:: SOURCE MATERIAL

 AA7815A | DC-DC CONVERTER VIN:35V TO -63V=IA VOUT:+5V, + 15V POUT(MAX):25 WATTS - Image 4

::::
:: SOURCE MATERIAL

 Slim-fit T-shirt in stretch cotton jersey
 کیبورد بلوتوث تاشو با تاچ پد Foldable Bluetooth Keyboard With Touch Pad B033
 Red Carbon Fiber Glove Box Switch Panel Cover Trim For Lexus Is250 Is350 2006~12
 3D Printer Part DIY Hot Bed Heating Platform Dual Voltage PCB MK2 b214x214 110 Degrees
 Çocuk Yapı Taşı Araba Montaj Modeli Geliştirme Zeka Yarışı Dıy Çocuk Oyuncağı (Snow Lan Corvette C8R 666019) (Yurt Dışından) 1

::::

Copy the entries above exactly, but only from the line holding "Slim-fit T-shirt in stretch cotton jersey" through the line holding "Red Carbon Fiber", both included.

 Slim-fit T-shirt in stretch cotton jersey
 کیبورد بلوتوث تاشو با تاچ پد Foldable Bluetooth Keyboard With Touch Pad B033
 Red Carbon Fiber Glove Box Switch Panel Cover Trim For Lexus Is250 Is350 2006~12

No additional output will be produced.